Fed Chair Janet Yellen all but promised the central bank would make the move this month, barring any catastrophic event, when she testified before the congressional Joint Economic Committee in early December that continued improvement in the labor market would boost the Fed’s confidence that inflation will move back to its 2% target. The following day, the government reported a jump of 211,000 in November payrolls and a four-cent increase in hourly wages, capping a 2.3% increase over the past year, suggesting that inflation will indeed move toward the Fed’s target.
Bond Yields & Prices
With no Fed rate hike materializing during the first 11 months of 2015, it’s not surprising that the yield on the 10-year Treasury note, a benchmark for 30-year fixed mortgages and other loans, is poised to end 2015 below the 3% median forecast of 74 economists tabulated by Bloomberg. The 10-year Treasury yield is instead poised to finish 2015 near 2.2% — very near where it started the year.

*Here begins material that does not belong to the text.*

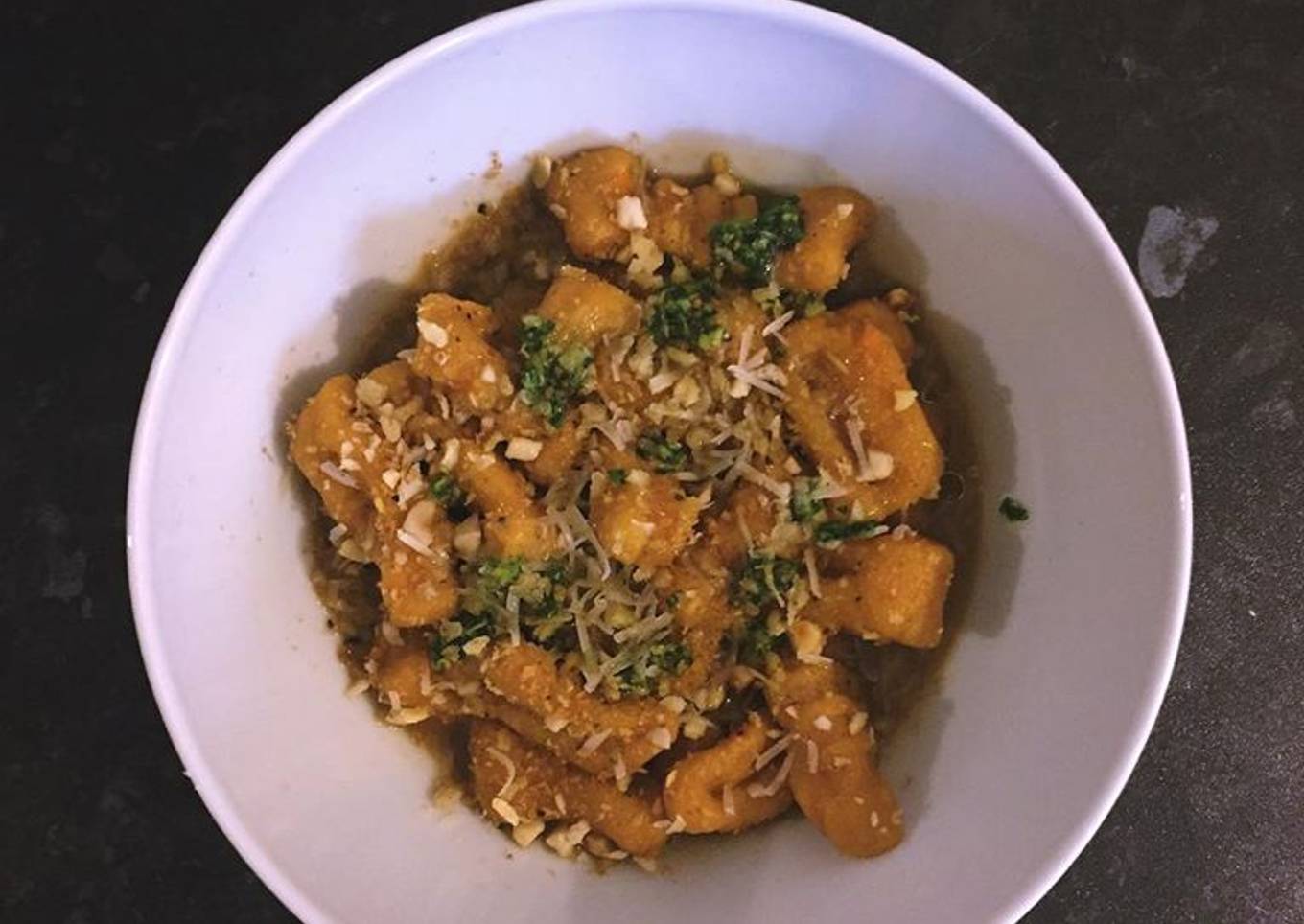 Sweet potato gnocchi w/ garlic and sage sauce & coriander pesto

Even Jeffrey Gundlach, co-founder and CEO of Doubleline Capital, who forecast a drop in bond yields this year, got it wrong. He said the 10-year Treasury yield could drop to 1.37% this year – or even 1% if crude oil fell below $40 a barrel. Oil prices in the U.S. did slide below $40 during the first week in December and was near $35 a barrel on Thursday, but the 10-year Treasury was still yielding over 2.2%.
A year ago, expectations on Wall Street called for oil prices to rise slightly, to a range of $70-$85 a barrel for U.S. West Texas Intermediate by year-end. After prices plummeted in early January, those forecasts were lowered by about $30 a barrel. Now even those revised levels seem too high. Crude oil is now trading near seven-year lows — near $35 a barrel for WTI and $37 a barrel for North Sea Brent – because supplies exceed demand. OPEC production is running at a three-year high, and Saudi Arabia, the world’s biggest single exporter of crude oil, has refused to cut its output to rein in OPEC production.

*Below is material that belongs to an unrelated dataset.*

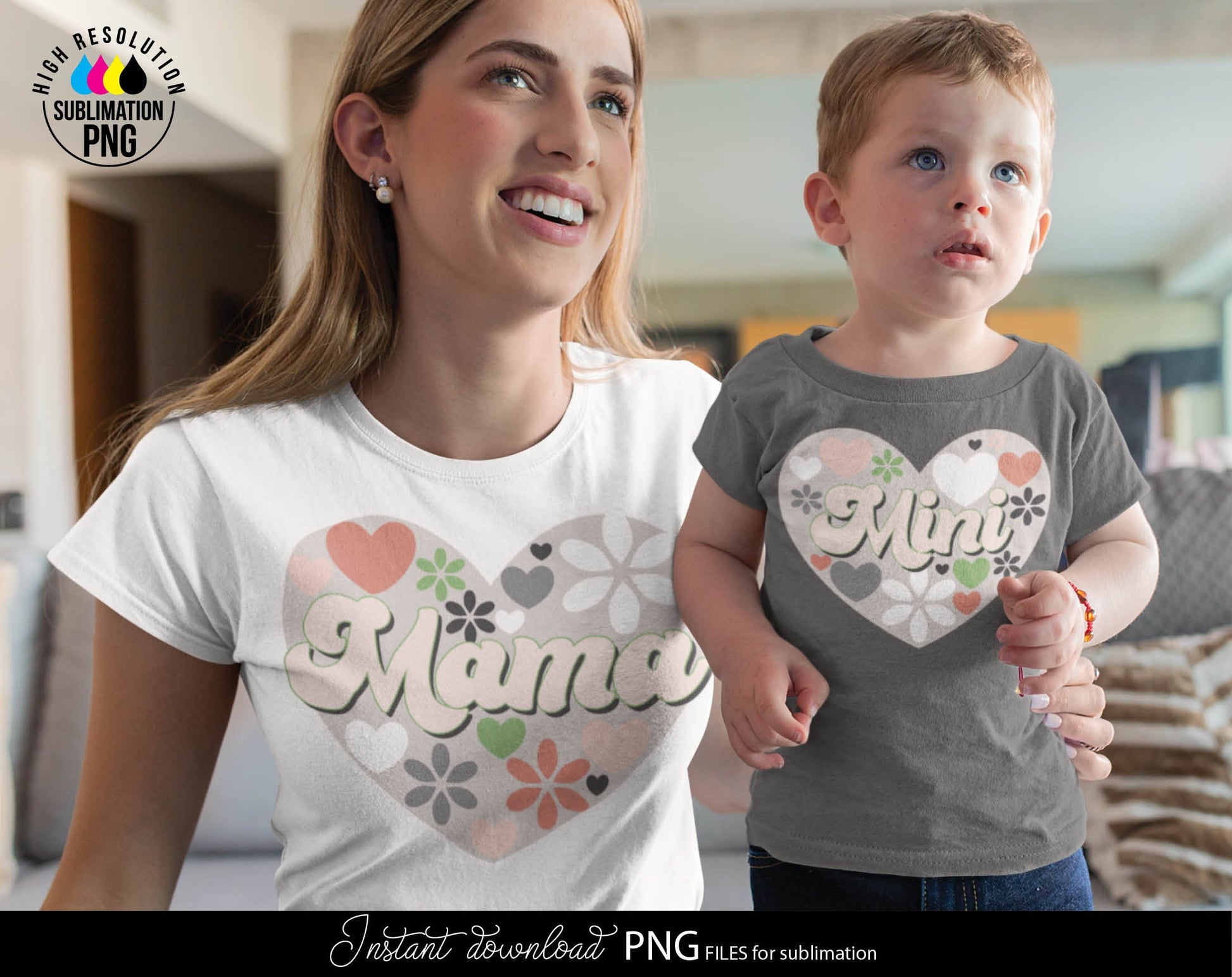 German Mama and German Mini PNG files for Mothers Day or daily usable matching mom and kid shirts. PNG usable for Your Sublimation projects. Buy now for a good price and enjoy!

For the first time in 15 years, cash has outperformed stocks and bonds, according to Michael Hartnett, chief investment strategist at Bank of America Merrill Lynch. It wasn’t supposed to be that way. Wall Street strategists forecast 7%-8% gains in the S&P 500 with earnings growing about the same amount, but as of Thursday, the S&P 500 is down a few points year to date and earnings and revenues are expected to decline about 4% and 3%, respectively, according to S&P Capital IQ. It would be the first earnings decline for the index since 2009, when the stock market was reeling from the impact of the Great Recession.
What Forecasters Got Right for 2015
At the end of 2015, the consensus among economists was that the U.S. economic growth would accelerate – and wages would finally rise — while growth in Europe and Asia would slow, creating a disparate approach to monetary policy. The U.S. would tighten policy while many other countries would lower rates.
The forecasts got the directions right but some of the details wrong. The U.S. didn’t tighten as much as expected, China surprised the market by devaluing its currency 2% overnight in August and Japan slipped back into recession. And in Europe, no one had expected the migrant crisis would deepen as much as it has, and that will at least initially carry financial costs.
The price of every commodity in the Bloomberg Commodity Index except cotton and sugar fell in 2015, as the index headed for its fifth straight annual loss. The index, which has 22 components, is down 30% year to date. Most analysts and strategists had expected commodity prices would fall – especially oil and precious metals prices – but not necessarily as far as they have, and some were neutral or bullish on selective agricultural commodities and industrial metals because of healthy supply-demand fundamentals.
The continuing weakening of China’s economy, which is a huge consumer of industrial metals, for example, upset that calculation and dragged down industrial metals prices along with precious metals prices.
Forecasters correctly expected that the U.S. dollar would continue to advance against other major currencies this year because the U.S. economy was growing while many other global economies were shrinking or standing still.
That forecast for the dollar was another reason analysts and strategists were bearish on commodities. Most commodities are priced in dollars so a stronger dollar translates into a lower commodity price and vice versa.
The Outlier – Emerging Markets – Both Right and Wrong
It’s difficult to use a broad brush to forecast what will happen in the emerging markets universe because the group is so diverse and market developments impact each differently.
For example, falling oil prices are beneficial for oil importers like India, Korea and Turkey but not for oil producers like Venezuela and Ukraine. And emerging markets that depend on exports to China are especially vulnerable when demand from China falls because its economy slowed faster than many had expected.
Overall though, emerging markets have been a bust in 2015. The iShares MSCI Emerging Markets ETF (EEM) is down almost 16% through as of midday Thursday.